RECORDS SUPPLIED:
· · · · · · ·

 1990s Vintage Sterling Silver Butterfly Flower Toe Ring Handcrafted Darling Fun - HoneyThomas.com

· · · · · · ·

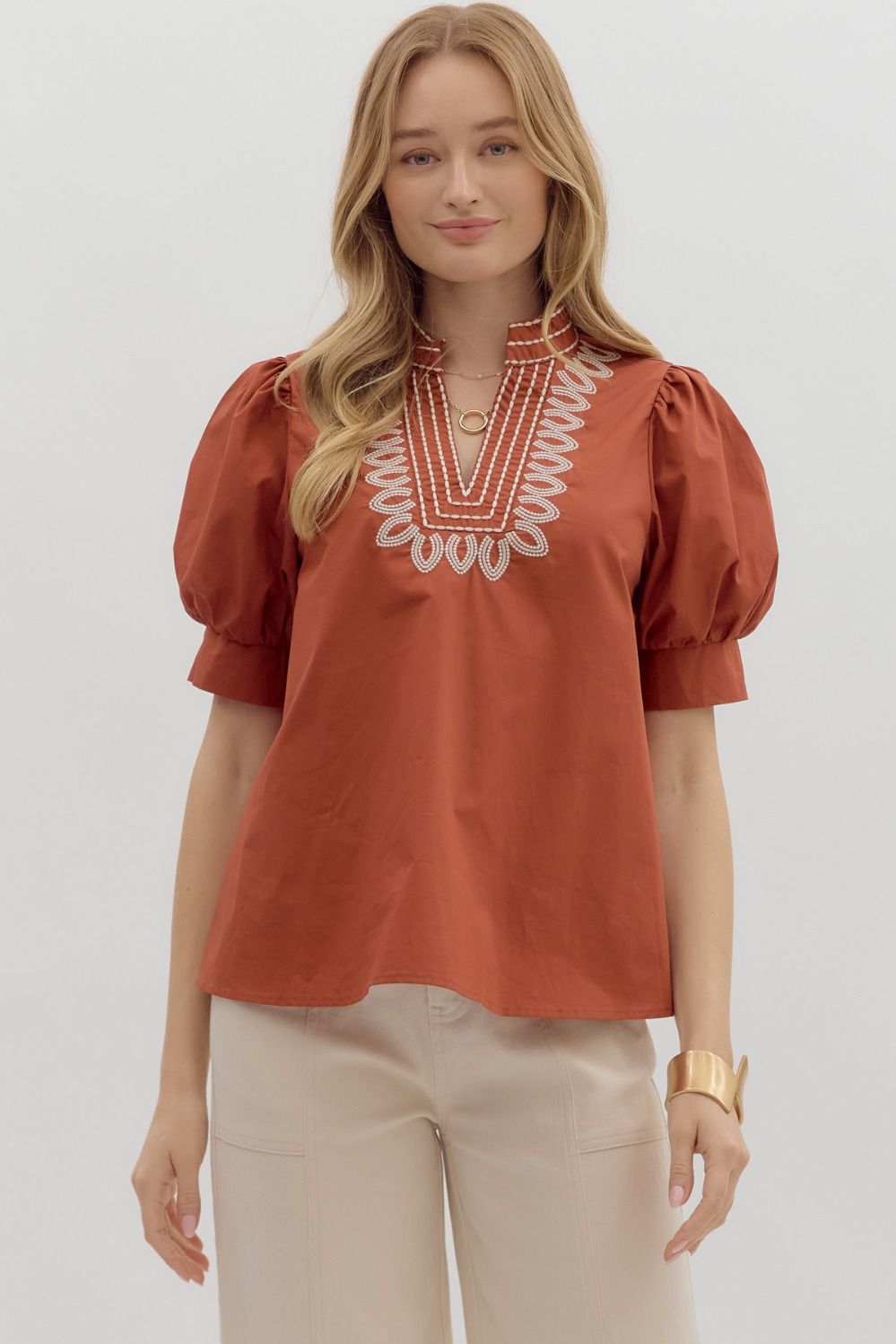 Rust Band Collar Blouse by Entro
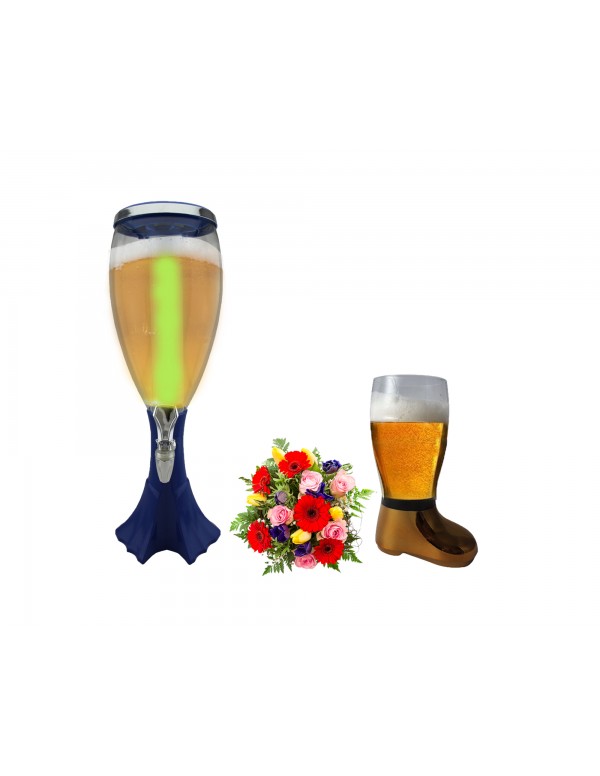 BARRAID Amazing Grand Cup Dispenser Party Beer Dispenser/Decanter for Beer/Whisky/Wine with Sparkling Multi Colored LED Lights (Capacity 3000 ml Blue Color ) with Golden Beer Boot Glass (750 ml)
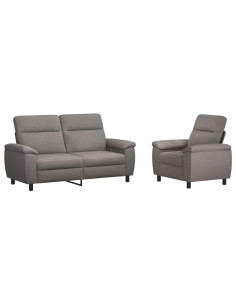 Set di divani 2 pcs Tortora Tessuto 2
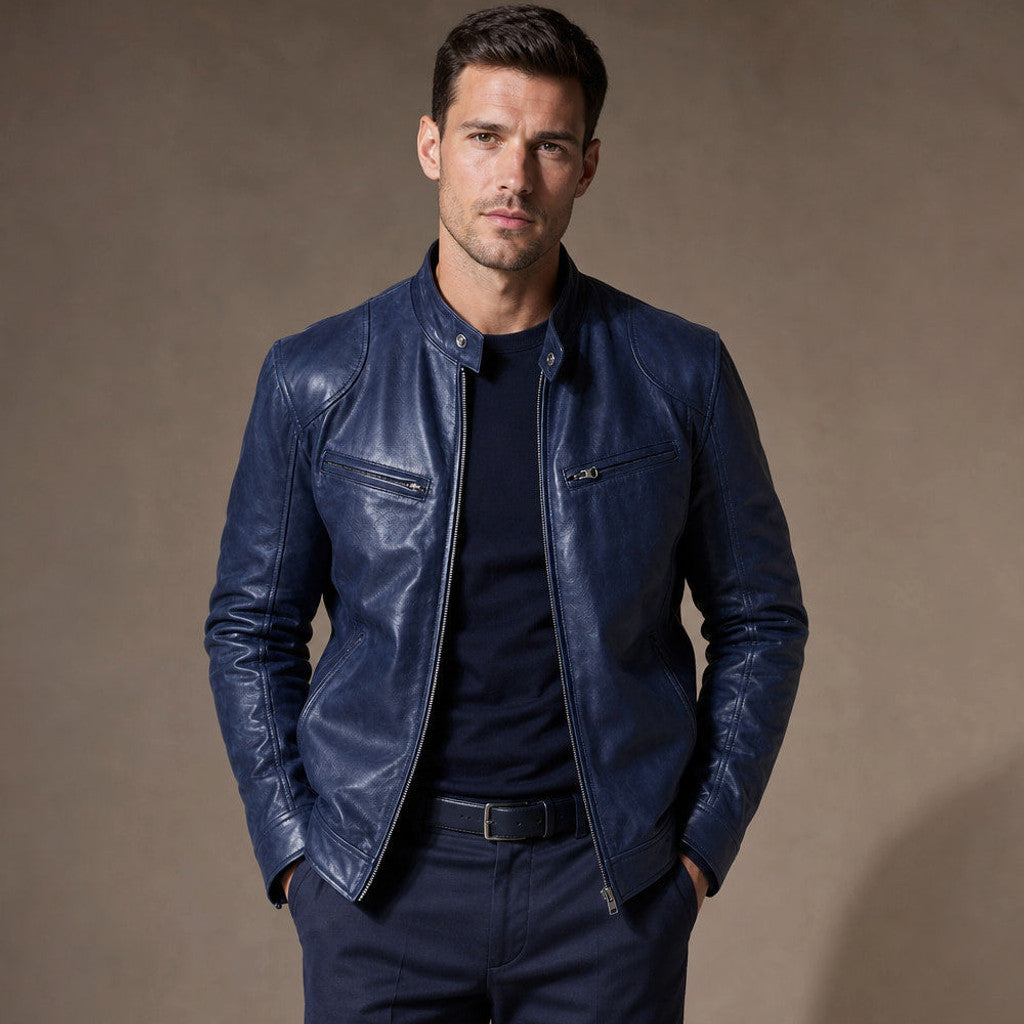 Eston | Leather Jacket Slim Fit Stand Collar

· · · · · · ·

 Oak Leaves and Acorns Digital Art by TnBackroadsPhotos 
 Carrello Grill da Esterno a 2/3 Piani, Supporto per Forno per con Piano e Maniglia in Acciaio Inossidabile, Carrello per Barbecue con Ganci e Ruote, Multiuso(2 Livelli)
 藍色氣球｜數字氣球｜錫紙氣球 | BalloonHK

· · · · · · ·

EXERCISE OBJECTIVE:
Print the line above containing "BARRAID Amazing Grand", the line containing "Eston | Leather Jacket Slim Fit Stand Collar", and everything between them, exactly as written. Pictures stay out.

SOLVED EXERCISE:
 BARRAID Amazing Grand Cup Dispenser Party Beer Dispenser/Decanter for Beer/Whisky/Wine with Sparkling Multi Colored LED Lights (Capacity 3000 ml Blue Color ) with Golden Beer Boot Glass (750 ml)
 Set di divani 2 pcs Tortora Tessuto 2
 Eston | Leather Jacket Slim Fit Stand Collar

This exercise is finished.